2024年8月17日(土)

BBC News

2024年8月17日

ナタリー・シャーマン、BBCニュース

11月のアメリカ大統領選に向けて、民主党のカマラ・ハリス副大統領は16日、経済政策を主題とした演説を初めて行い、数百万棟規模の住宅新築促進や持ち家取得の支援、食料品の便乗値上げ規制、医療費借金の帳消し、子供税額控除などを公約として掲げた。

激戦州の南部ノースカロライナ州で演説したハリス副大統領は、バイデン政権の経済政策を基礎にしつつ、2021年以降の物価高に対する有権者の不満に応える形で、経済公約を示した。

ハリス副大統領の経済公約には、初めて持ち家を購入する人への頭金の支援や、初めて持ち家を買う人のために住宅を建てる業者への「初の」税控除が含まれる。

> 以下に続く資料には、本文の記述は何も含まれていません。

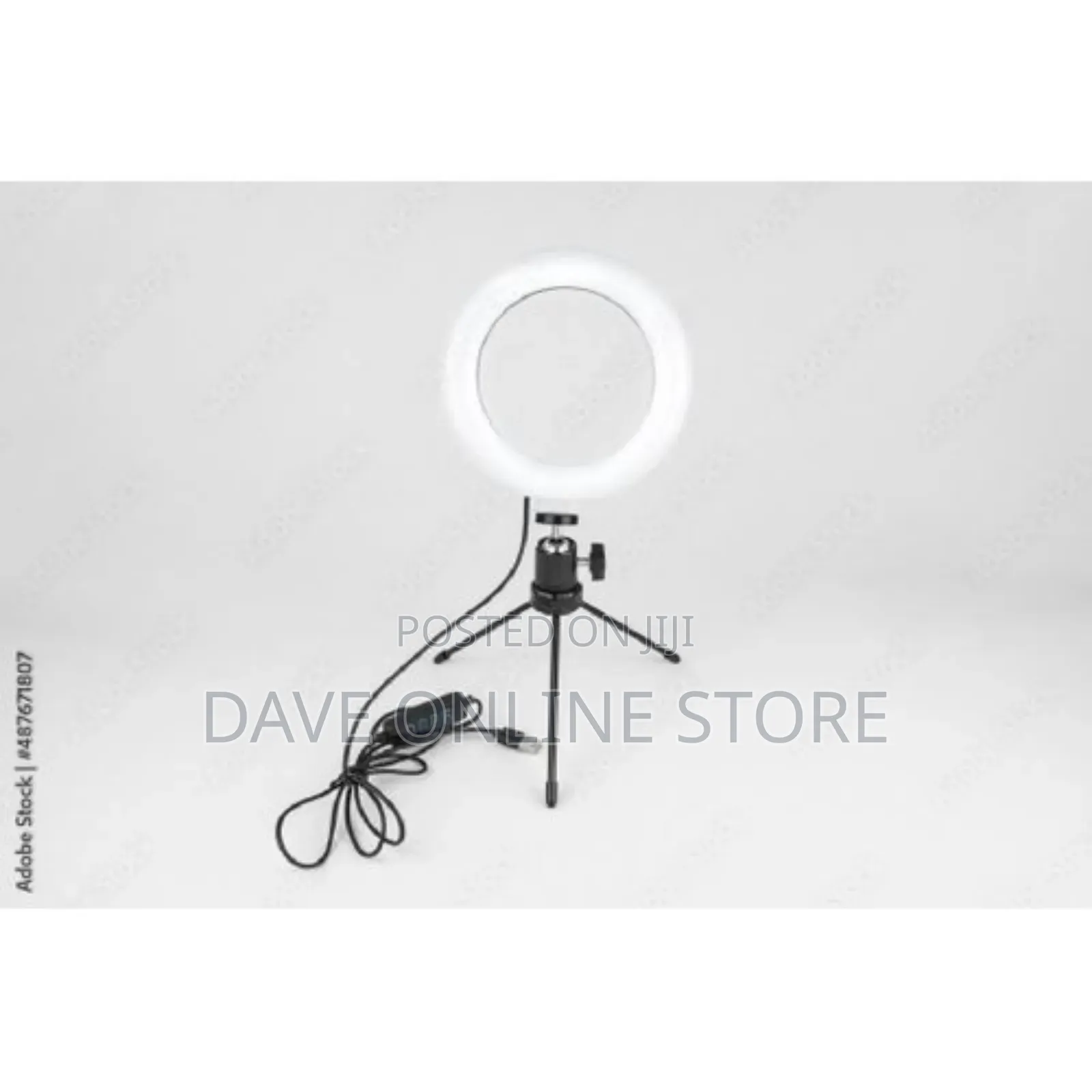 6 Inch Selfie Desktop Ring Light LED Lamp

最大2万5000ドル(約370万円)の頭金支援は、4年間で推定400万世帯が対象になり得ると、陣営は試算している。

ハリス氏は、糖尿病治療薬インスリンの月額薬価を上限35ドル(約5200円)に定めるほか、医療費支払いのための借金帳消し、新しく子供が生まれた家庭への6000ドル(約89万円)の税控除なども約束した。

さらに、食品企業による不当な値段のつり上げを禁止する連邦法の成立を支持し、アルゴリズムを使った不当な賃料「調整」を禁止する連邦法の成立を促した。

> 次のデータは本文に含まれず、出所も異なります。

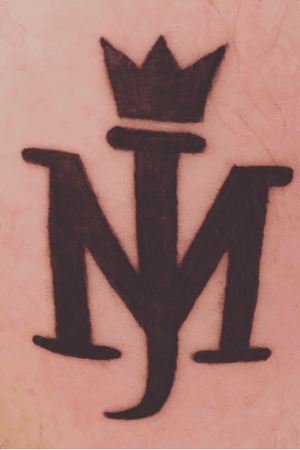 3rd tattoo on my right forearm Michael Jackson King of Pop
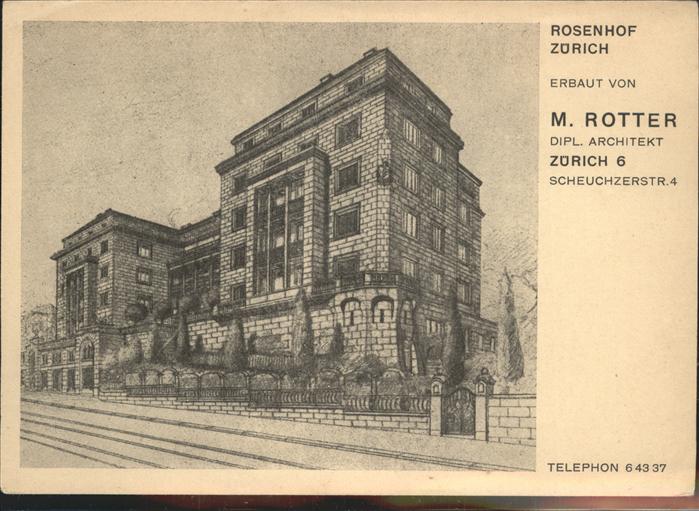 Zuerich Rosenhof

副大統領が提案する経済対策の多くは、連邦議会での立法が必要となるため、ハリス氏の提案は議会で膠着(こうちゃく)する可能性がある。

共和党候補のドナルド・トランプ前大統領は、ハリス氏がバイデン政権の副大統領としてすでに3年間、公約を実現する時間はあったはずだと批判し、「どこにいたんだ。どうして実行していないんだ」と述べていた。トランプ陣営は、ハリス氏の公約は「危険なほどリベラル」だとも批判している。

これに対してハリス氏は16日の演説で、「その人が誰を大事にしているか知りたいなら、誰のために闘っているかを見ればいいと思う。ドナルド・トランプは億万長者や大企業のために闘う。私は、働くアメリカ人、中流のアメリカ人が再びお金を手にできるよう、そのために闘う」と述べた。

消費者支援の経済対策

民主党の関係者や支持者は、経済的に苦しむ国民に語りかける存在として、ハリス副大統領がジョー・バイデン大統領よりも説得力を持ち、信頼される存在になってほしいと期待している。

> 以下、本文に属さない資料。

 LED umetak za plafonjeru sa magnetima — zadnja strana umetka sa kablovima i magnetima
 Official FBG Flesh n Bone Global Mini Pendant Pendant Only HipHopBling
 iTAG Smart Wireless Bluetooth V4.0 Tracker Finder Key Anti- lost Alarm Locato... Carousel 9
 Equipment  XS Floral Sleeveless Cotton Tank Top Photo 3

消費者団体「パブリック・シチズン」のロバート・ワイスマン副代表は、ハリス氏の経済計画は「消費者を支援し、悪徳企業と闘う」内容だと指摘。「(バイデン)政権もそういう発言はしていたが、ハリス氏はそれよりはるかに強力な対策を提案している」とい。

世論調査企業「パブリック・オピニオン・ストラテジーズ」のマイカ・ロバーツ氏は、アメリカの有権者は経済問題については長年、トランプ前大統領と共和党の方を信頼してきた経緯があると指摘。インフレはおそらく今後も、民主党にとって難問であり続けるとも指摘した。

「パブリック・オピニオン・ストラテジーズ」はこのほど、米CNBCのため経済問題について超党派の世論調査を実施。ロバーツ氏は調査の共和党側を担った。調査の結果、経済問題に関しては今もトランプ氏の支持率が、ハリス氏を大きく引き離していたという。

「もう1年以上、こういう問題についてはトランプがずっと有利だった」とロバーツ氏は指摘。何か大きな変化がなければ、この差がいきなり埋まったとは「自分には信じがたい」と、ロバーツ氏は述べた。

便乗値上げ禁止や税控除に賛否

食料品の便乗値上げを禁止するというハリス氏の方針は、有権者から支持されるはずだと専門家たちは見ているものの、エコノミストからの批判も出ている。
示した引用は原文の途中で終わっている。